Python effective TLD library

    I had a need recently for a library which would take a host name and return the domain-specific portion of the name, and the effective TLD being used. "Effective TLD" is a term coined by the Mozilla project for something which acts like a TLD. For example, .com is a TLD and has domains allocated under it. However, .au is a TLD with no domains under it. The effective TLDs for the .au domain are things like .com.au and .edu.au. Whilst there are libraries for other languages, I couldn't find anything for python.

    I therefore wrote one. Its very simple, and not optimal. For example, I could do most of the processing with a single regexp if python supported more than 100 match groups in a regexp, but it doesn't.

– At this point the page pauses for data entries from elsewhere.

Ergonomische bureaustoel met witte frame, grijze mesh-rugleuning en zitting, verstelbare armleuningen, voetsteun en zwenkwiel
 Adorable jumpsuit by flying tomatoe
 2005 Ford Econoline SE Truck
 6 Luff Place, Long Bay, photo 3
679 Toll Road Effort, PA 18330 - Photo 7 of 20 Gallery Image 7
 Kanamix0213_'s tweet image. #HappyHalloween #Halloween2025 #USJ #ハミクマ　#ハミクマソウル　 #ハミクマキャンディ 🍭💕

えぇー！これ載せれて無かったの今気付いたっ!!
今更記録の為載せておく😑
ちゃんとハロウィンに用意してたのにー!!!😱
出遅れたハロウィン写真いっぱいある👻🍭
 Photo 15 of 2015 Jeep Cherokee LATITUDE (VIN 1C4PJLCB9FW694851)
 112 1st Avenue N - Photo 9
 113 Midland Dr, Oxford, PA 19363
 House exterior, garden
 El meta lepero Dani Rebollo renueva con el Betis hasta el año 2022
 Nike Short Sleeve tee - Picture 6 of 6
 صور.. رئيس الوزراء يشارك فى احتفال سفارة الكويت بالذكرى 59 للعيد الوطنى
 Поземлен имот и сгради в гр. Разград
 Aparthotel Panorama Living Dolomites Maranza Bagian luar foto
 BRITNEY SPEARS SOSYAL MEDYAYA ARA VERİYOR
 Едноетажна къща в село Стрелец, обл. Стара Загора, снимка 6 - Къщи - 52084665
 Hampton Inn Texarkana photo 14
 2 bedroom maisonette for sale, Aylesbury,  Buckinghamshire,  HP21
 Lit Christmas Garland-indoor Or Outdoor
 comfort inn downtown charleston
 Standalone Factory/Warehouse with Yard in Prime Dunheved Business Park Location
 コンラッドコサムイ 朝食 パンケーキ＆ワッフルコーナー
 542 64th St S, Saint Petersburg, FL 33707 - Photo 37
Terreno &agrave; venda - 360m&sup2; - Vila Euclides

I'm sure I'll end up revisiting this code sometime in the future. Additionally, the code ended up being much easier to write than I expected, mainly because the Mozilla project has gone to the trouble of building a list of rules to determine the effective TLD of a host name. This is awesome, because it saved me heaps and heaps of work.

    The code is at http://www.stillhq.com/python/etld/etld.py if you're interested.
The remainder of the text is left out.